|
La autoridad en la Iglesia
Los debates de hoy para quitar la escoria que ensucia a la Iglesia deben hacerse a la luz de la Palabra de Dios, no de la Tradición.
El 31 de octubre de 1517, Martín Lutero, el reformador alemán, clavó en la puerta de la iglesia de Wittenberg las famosas 95 tesis. El motivo de difundir el documento no fue fundar una nueva iglesia, sino reformar la católica de la que formaba parte. Las tesis eran temas de discusión que afectaban al buen funcionamiento de la Iglesia. Los debates debían llevarla a la sencillez del cristianismo apostólico y a su pureza doctrinal. El resultado fue rechazar los temas objeto de discusión. Condujo a la excomunión de Lutero, con el resultado de que la Iglesia se dividió. Rotura que sigue existiendo a pesar de que unos pocos obispos y sacerdotes anglicanos hayan vuelto al redil de Roma.
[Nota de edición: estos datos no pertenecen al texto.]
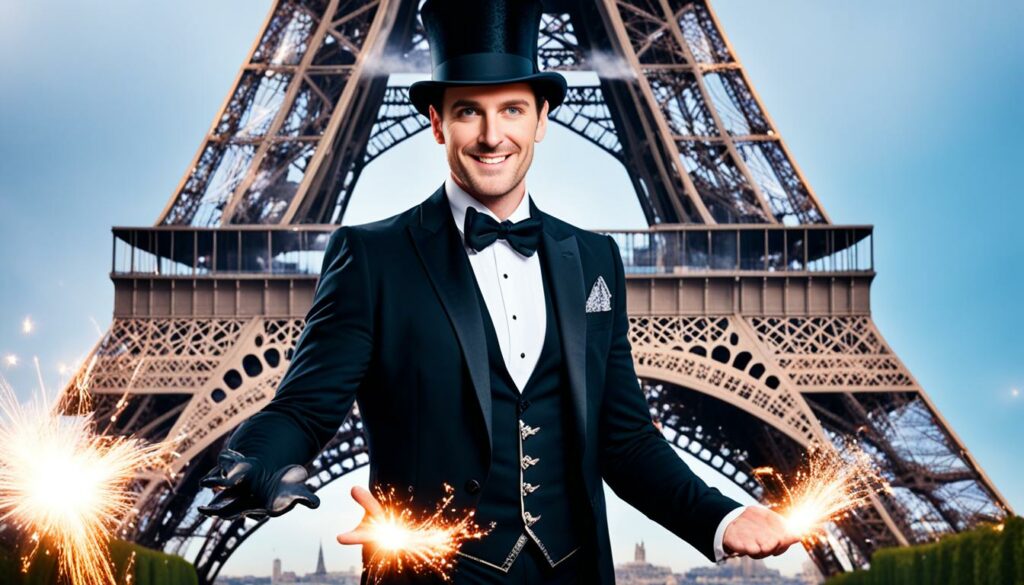 Magicien parisien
Enrique Sánchez Costa, profesor de Filosofía de la Educación de la UIC, en su escrito Voluntad y esfuerzo, publicado en La Vanguardia, escribe: “Si el Mayo del 68 sepultó el prestigio de la autoridad (ya mermada por la Reforma y la Ilustración), el relativismo postmoderno también realiza su tarea de derribo”. Lutero no pretendió socavar la autoridad de la Iglesia, sino purificarla de sus corrupciones y substituirla por la de la Palabra de Dios que nunca debió abandonar.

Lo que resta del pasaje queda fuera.